++++ Information provided

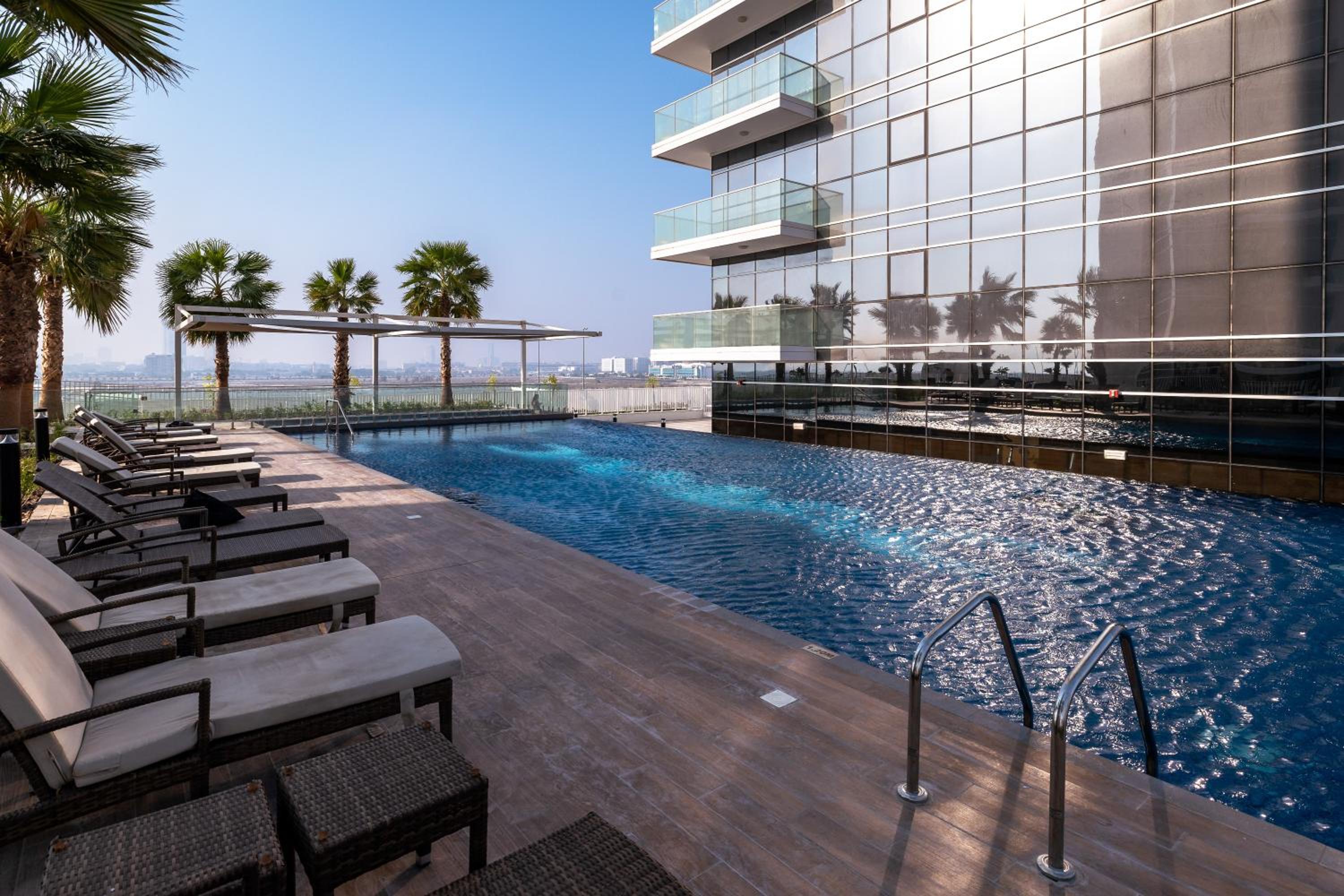 Welcoming Studio in Damac Hills Carson B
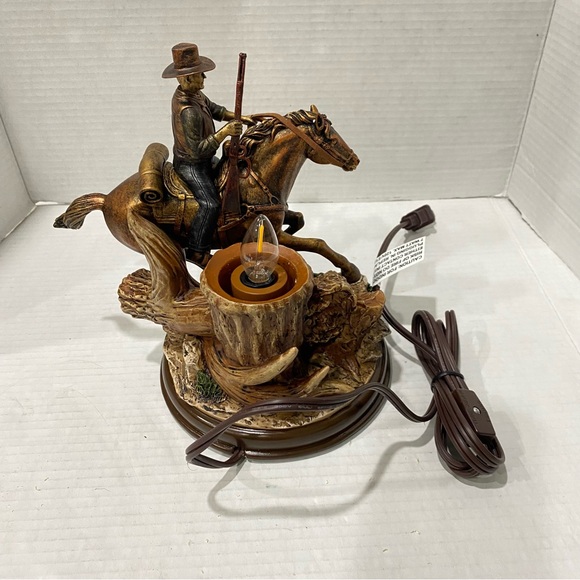 The Bradford Exchange John Wayne Bronze Pride Of The West Hurricane Lamp Read - Picture 3 of 5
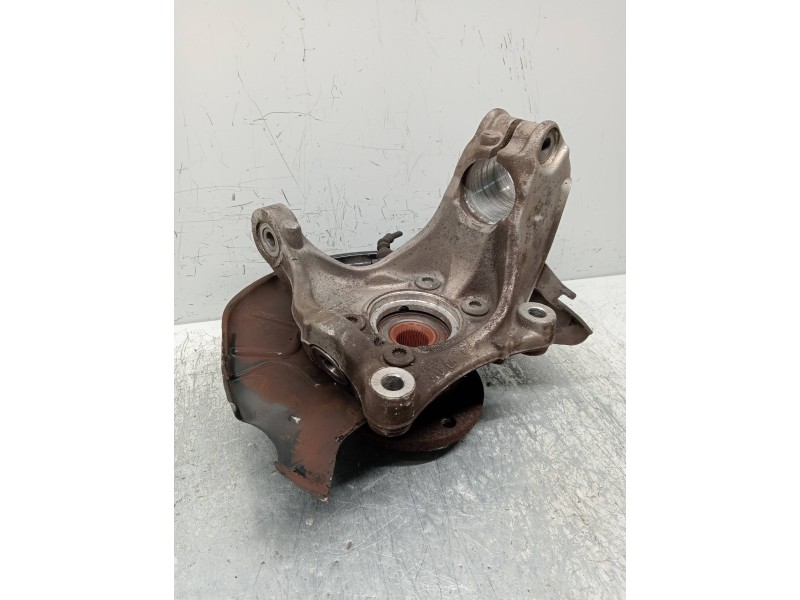 Recambio de mangueta delantera izquierda para volkswagen passat lim. (362) 1.6 tdi dpf referencia OEM IAM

++++++++

Your instructions:
Drop the pictures, then write out only the lines running from the one containing "The Bradford Exchange" through the last line above, both included, exactly.

Answer:
 The Bradford Exchange John Wayne Bronze Pride Of The West Hurricane Lamp Read - Picture 3 of 5
 Recambio de mangueta delantera izquierda para volkswagen passat lim. (362) 1.6 tdi dpf referencia OEM IAM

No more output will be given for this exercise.